The Dollar Index: I’m growing anxious
As an over skeptic investor fearing the worst of our capital markets thanks to this year’s events, I had decided to shift my allocation to as close to cash as possible early on. As it turns out, and the reason I’m not a prominent financial advisor, this has been a mistake.
Along with a few other people, we have underestimated the Federal Reserve’s expansionary monetary policy's firepower. This has translated into an overall ~10% decline in the dollar value since March (2020).
I will purposely avoid talking about opinions on either candidate, political party, or political ideology and will solely comment on the above trend.
We’re seeing an expected and precipitous decline of the dollar's value caused in large part due to our continuous expansionary monetary policy that has been keeping our capital markets afloat for now.
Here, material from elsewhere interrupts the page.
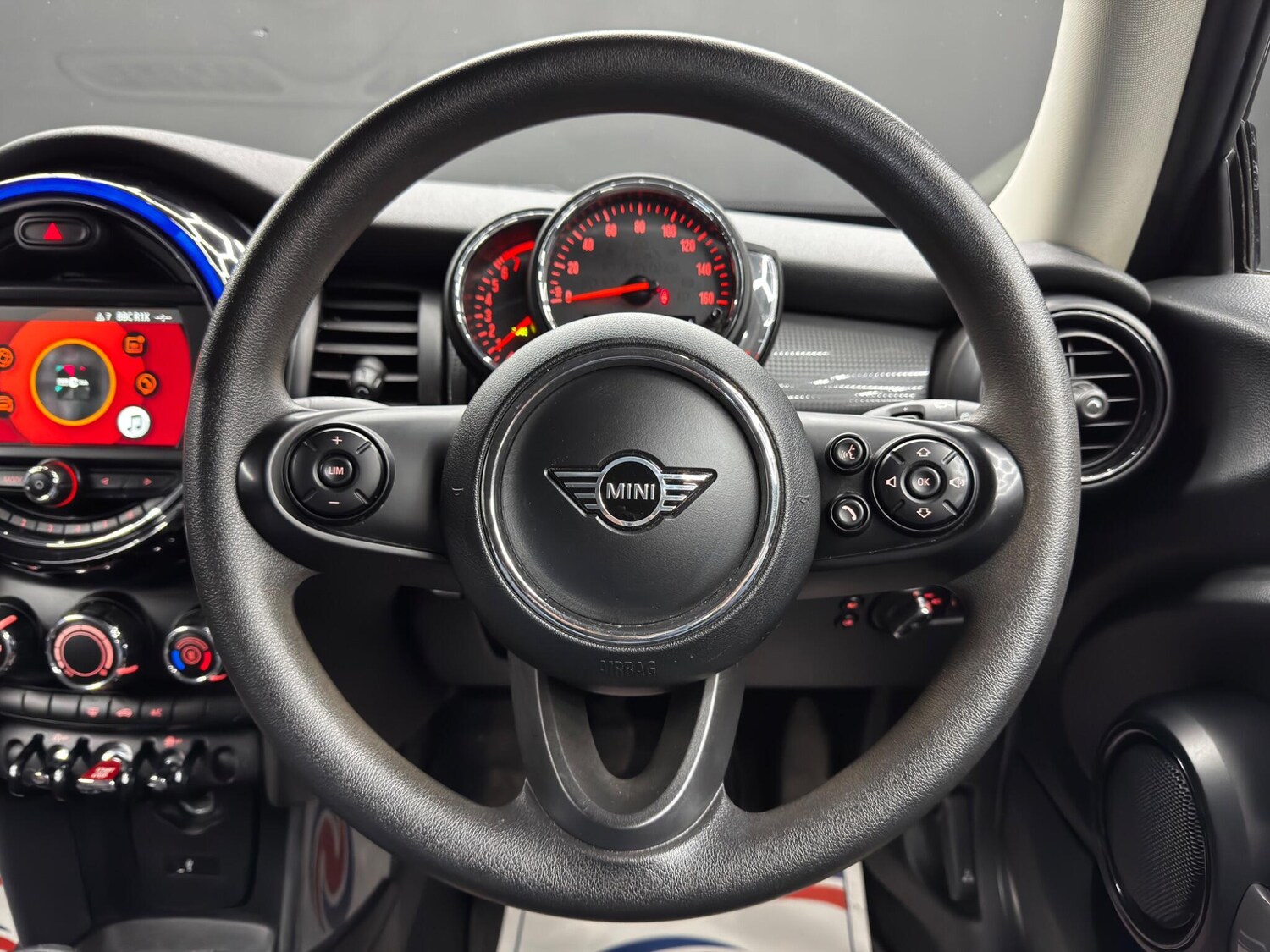 Used MINI Hatch 2018 for sale - 78020303: Photo 17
Just as important is the world’s perception of the United States as a stable place to safeguard their capital.
The U.S will continue to be the best place to store your capital if and only if:
- We manage to maintain a stable political system. The uncertainty of the election cycle and the attack on our election process is not good for business.
- The talent imbalance continues to favor the U.S. Ever since WWII; the U.S has had the capital and the luxury to finance the ideas of some of the most ambitious and smartest people from all over the world. If the United States' perception gets damaged and the net inflow of “brilliant people” we have enjoyed for decades ends, we could be accelerating the end of the USD as a global reserve currency.